[Web page caption snippets]
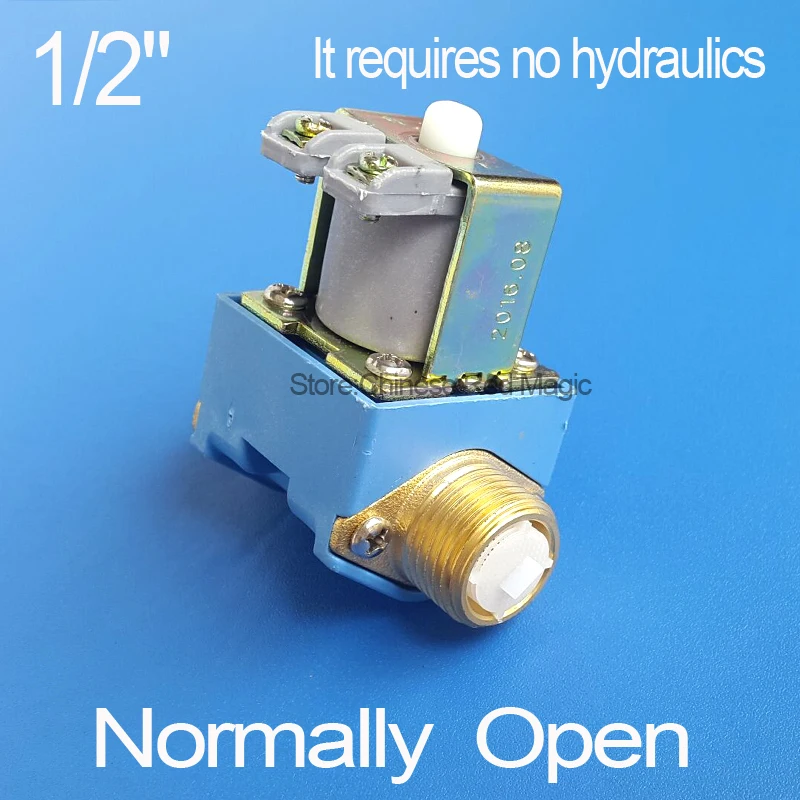 Не требуется катушка электромагнитного клапана с нормально открытым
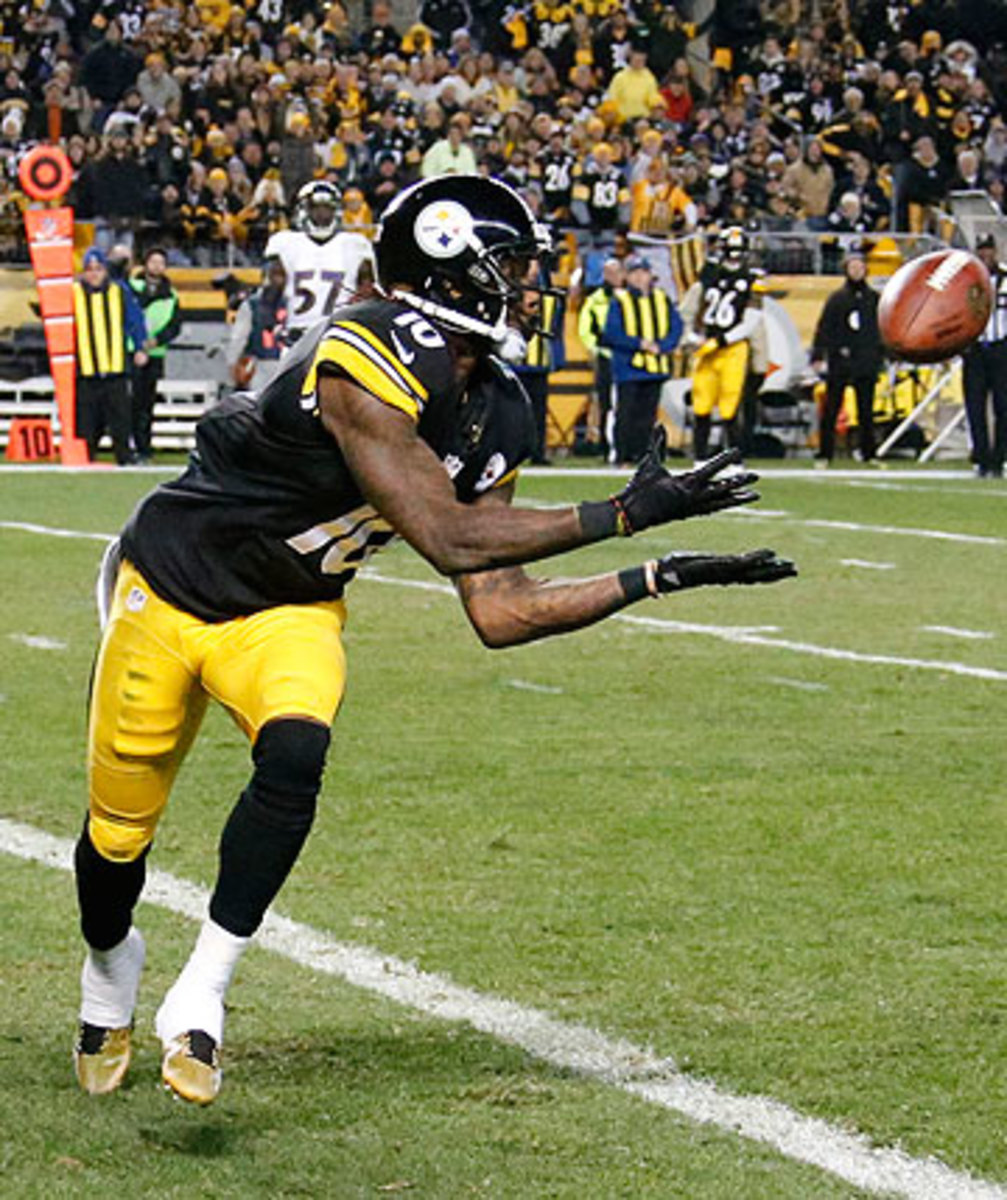 Martavis Bryant has been on the receiving end of four of Roethlisberger's 12 TD passes the past two weeks. (Gene Puskar/AP)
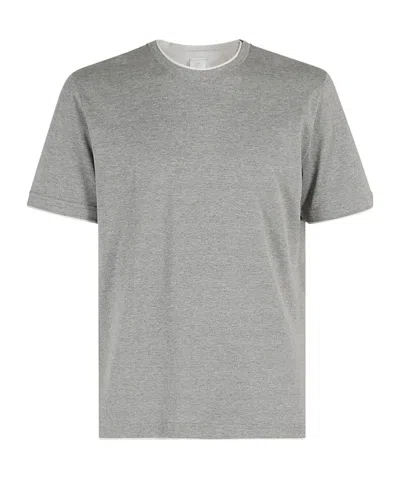 Eleventy Short-sleeved T-shirt In Gray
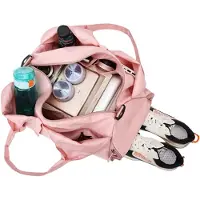 LONGZIMING -Yogatas Sporttas 49x25x21 cm – Ruim Opbergvak, Scheiding Nat/Droog, Afneembare Schouderriem, Oxford Stof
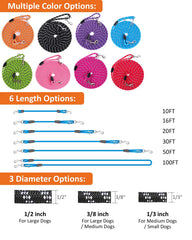 Lanwandeng long dog leash 360-degree swivel hook enables hands-free control.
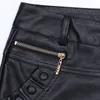 Women's Shorts 0609 Spring Autumn PU Leather BlackRed Sexy Booty Faux Ladies Outwear M5XL 230314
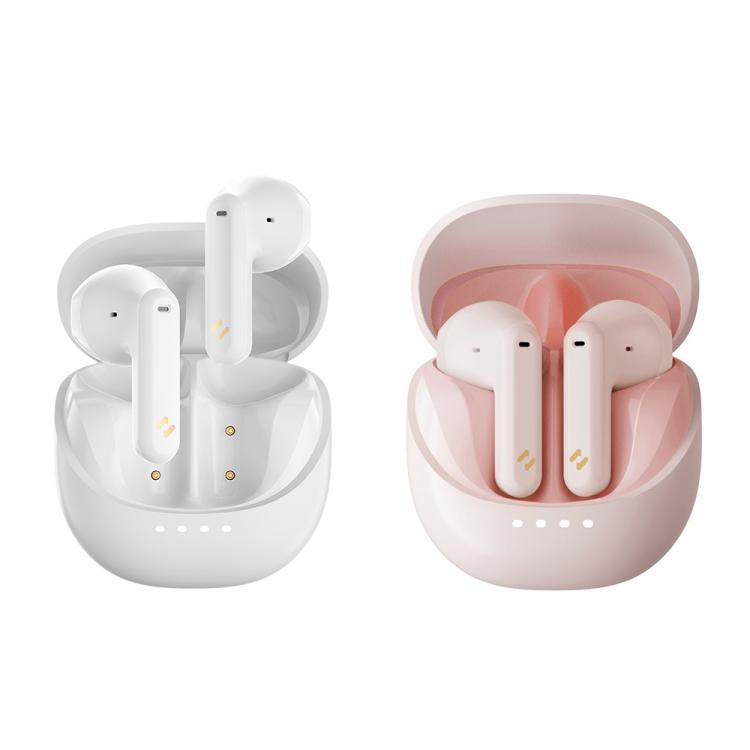 Havit E9 Semi-In-Ear ENC Noise Reduction Wireless Bluetooth Earphones, Color: Pink-Standard Edition - Bluetooth Earphone by Havit | Online Shopping South Africa | PMC Jewellery | Buy Now Pay Later Mobicred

Task instructions: Write out nothing but the lines from the one with "Martavis Bryant has" through the last line of the entries, exactly as they stand; pictures are not part of the copy.

Task solution:
 Martavis Bryant has been on the receiving end of four of Roethlisberger's 12 TD passes the past two weeks. (Gene Puskar/AP)
 Eleventy Short-sleeved T-shirt In Gray
 LONGZIMING -Yogatas Sporttas 49x25x21 cm – Ruim Opbergvak, Scheiding Nat/Droog, Afneembare Schouderriem, Oxford Stof
 Lanwandeng long dog leash 360-degree swivel hook enables hands-free control.
 Women's Shorts 0609 Spring Autumn PU Leather BlackRed Sexy Booty Faux Ladies Outwear M5XL 230314
 Havit E9 Semi-In-Ear ENC Noise Reduction Wireless Bluetooth Earphones, Color: Pink-Standard Edition - Bluetooth Earphone by Havit | Online Shopping South Africa | PMC Jewellery | Buy Now Pay Later Mobicred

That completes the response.